Friday, Dec. 27, 1963

The Kidnaper Who Panicked

"It was," said Frank Sinatra Sr., "a fantastic job. The rapidity of the FBI in this case was just incredible." The FBI certainly did nothing to discredit this notion, and the facts seemed to bear out the idea. Only five days and a few hours after he was taken at gunpoint from a motel room on the California-Nevada state line in the Sierra Nevadas, Frank Sinatra Jr. was back home. Three men had been arrested and charged with his kidnaping, and all but $6,114.24 of a $240,000 ransom payment had been recovered. Besieged by newsmen's requests for details as to how its sleuths had caught up with the kidnapers, the FBI maintained a silence that seemed to betoken deep wisdom as well as becoming modesty.
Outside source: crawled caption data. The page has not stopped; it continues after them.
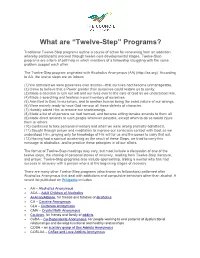 What Are “Twelve-Step” Programs?
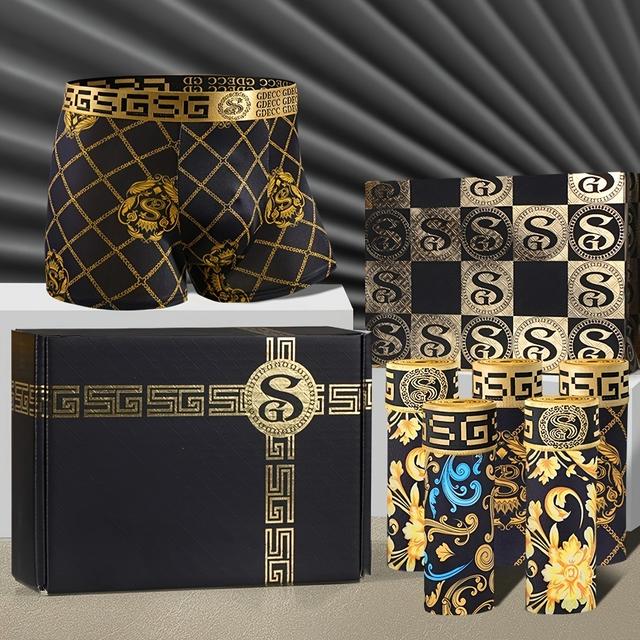 TEMU 5pcs Black And Box Set, Blue And , Light Men's Underwear, Ice Silky Fiber Fabric, Thin, Breathable, And Refreshing Briefs/boxer Briefs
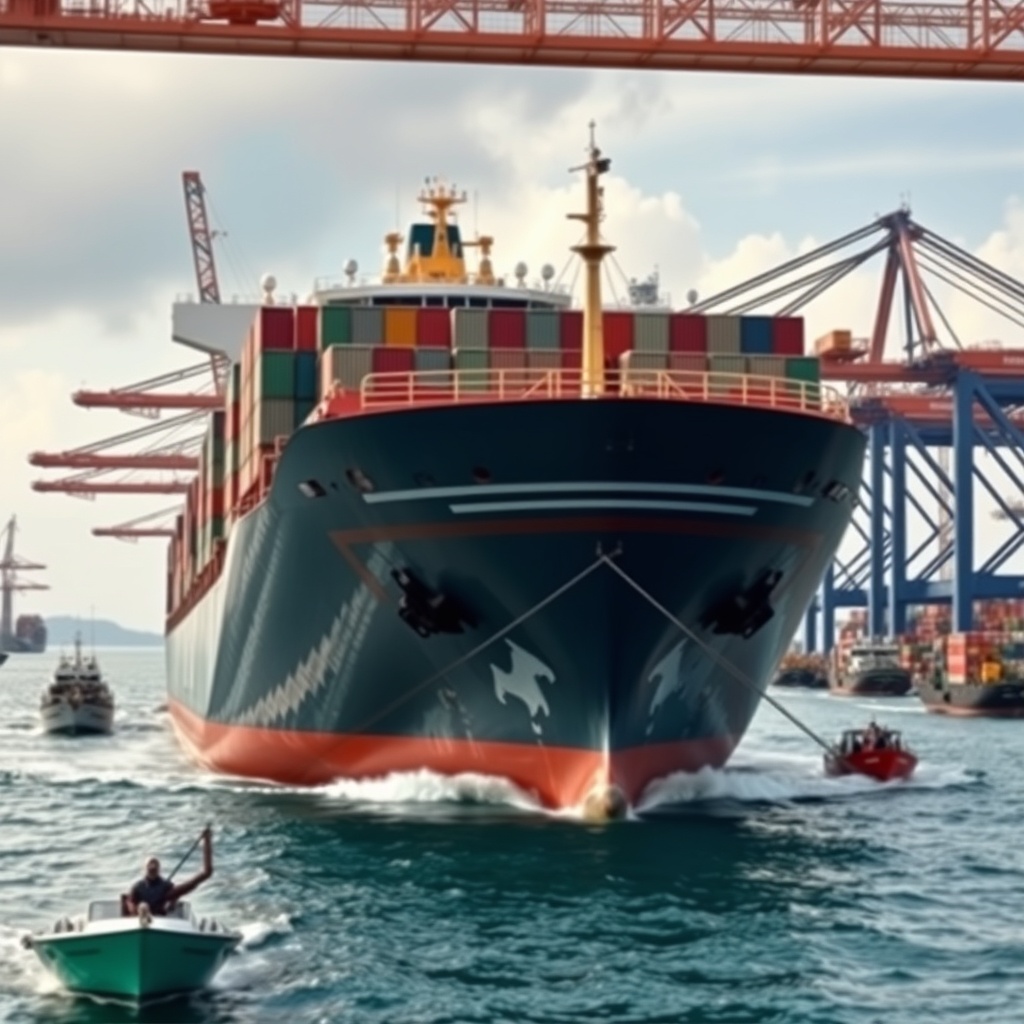 A professional stock photo of a ship navigating through a busy Asian port with a focus on environmental compliance measures like scrubbers or LNG fuel systems, symbolizing the challenges and adaptations in shipping finance under environmental regulations.
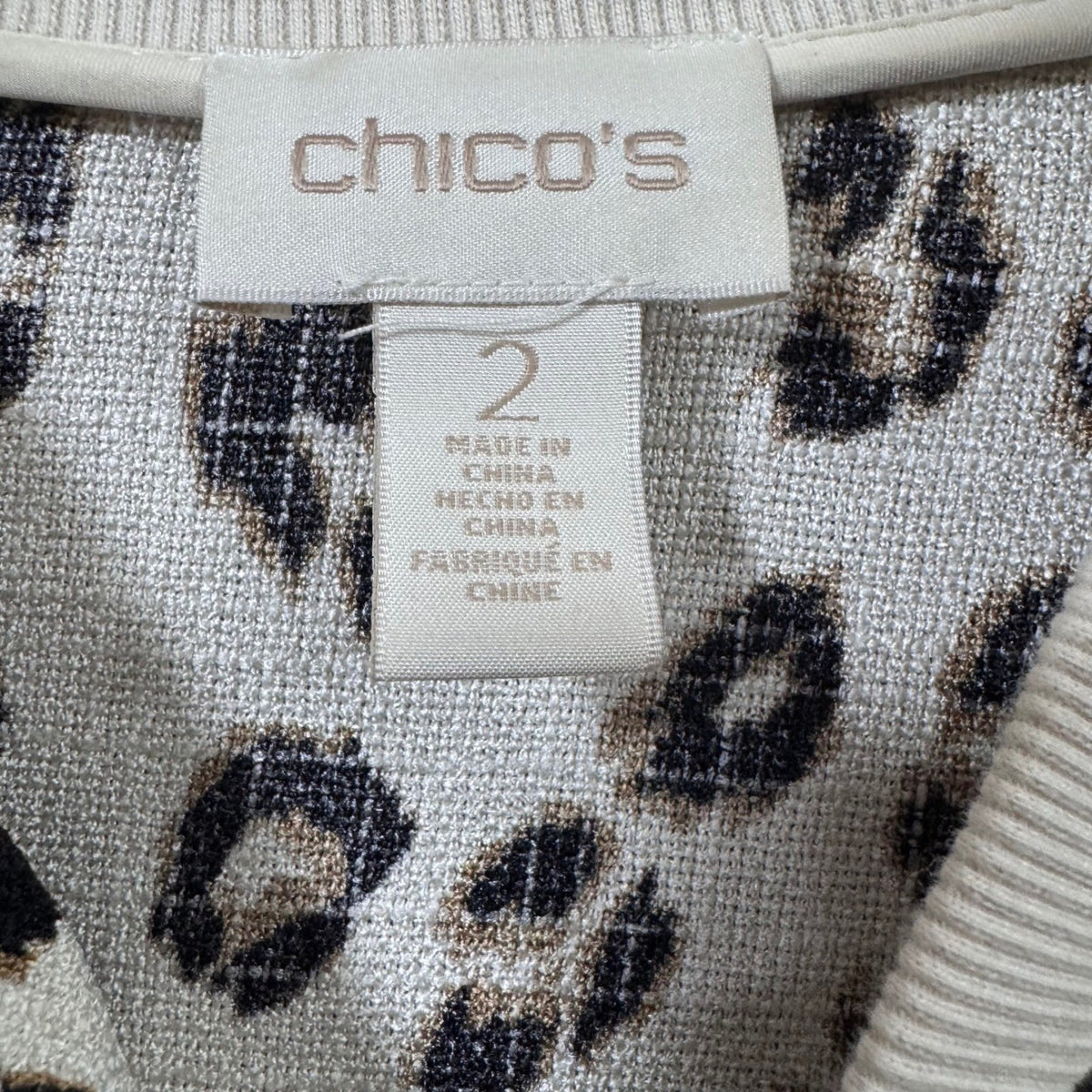 Chicos Sz 2 Leopard Print Bomber Jacket Zip Front Knit Casual Outerwear Large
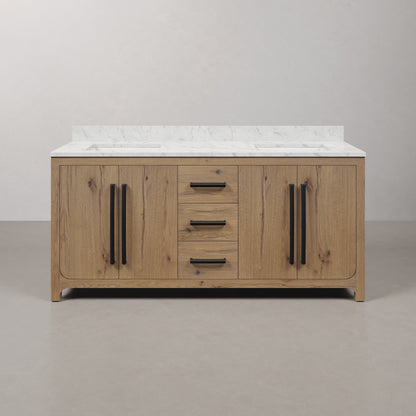 Perris 72 in. Double Sinks Bath Vanity in Weathered Oak with Carrara White Engineered Stone Top | Water Creation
A Terrified Confession. But as it turned out last week, a more likely reason for the FBI's silence was that it had been handed a solution to the case by a kidnaper who panicked, turned himself in, and blew the whistle on his confederates. John Irwin, 42, an off-and-on house painter with a record ranging from assault to disorderly conduct in four states, was racing south from Los Angeles in a Chevrolet station wagon purchased with $1,000 of the ransom money. As he drove, his fears that capture was inevitable and flight was foolish mounted to terror. In San Juan Capistrano, Irwin stopped, put in a frantic call to his younger brother James, 41, a school purchasing agent, at his home in Imperial Beach, only twelve miles from the Mexican border. The two had not seen each other for several months. But now, said John, it was urgent that they talk privately.

Next morning over breakfast in Imperial Beach, John told his story. "He seemed on the verge of collapse," recalls James. "He said he had gotten himself involved in the Sinatra kidnaping. He told me some of the ransom money was in the car." Within half an hour the two brothers decided what they would do. With John listening on an extension phone, James called the FBI in San Diego and told them the story. Agents arrived quickly, arrested John, and recovered $47,938 from a valise in the station wagon outside.

Still Talking. The FBI admitted that it had got some help from young Sinatra. In one of the rare moments when his blindfold was removed, Frank Jr. managed to spot the name of a restaurant on a bag of sandwiches his captors had just bought. That helped narrow the search for the house in which he had been hidden to Los Angeles' Canoga Park area. He carefully counted the aircraft that passed close overhead, helped to establish the fact that the house was in the approach path to an air terminal. It was, as it turned out, the Lockheed Corp. field in Burbank.

That information, plus the confession of Irwin, enabled the FBI to arrest two other suspects--sometime Salesman Barry Keenan, 23, and Beach Bum Joseph Amsler. And John Irwin was still talking. Twice before, he said, he had been involved in a plan to snatch Sinatra. "Once in Arizona," he said, "we just missed connections." On a second occasion, Irwin said, he had convinced his partners that the plan should be abandoned. Both Keenan and Amsler were charged by federal authorities with kidnaping, an offense punishable by a maximum life term in prison. But Irwin was charged only with "aiding and abetting" a kidnaping, a lesser offense punishable by a prison term to be set by the court.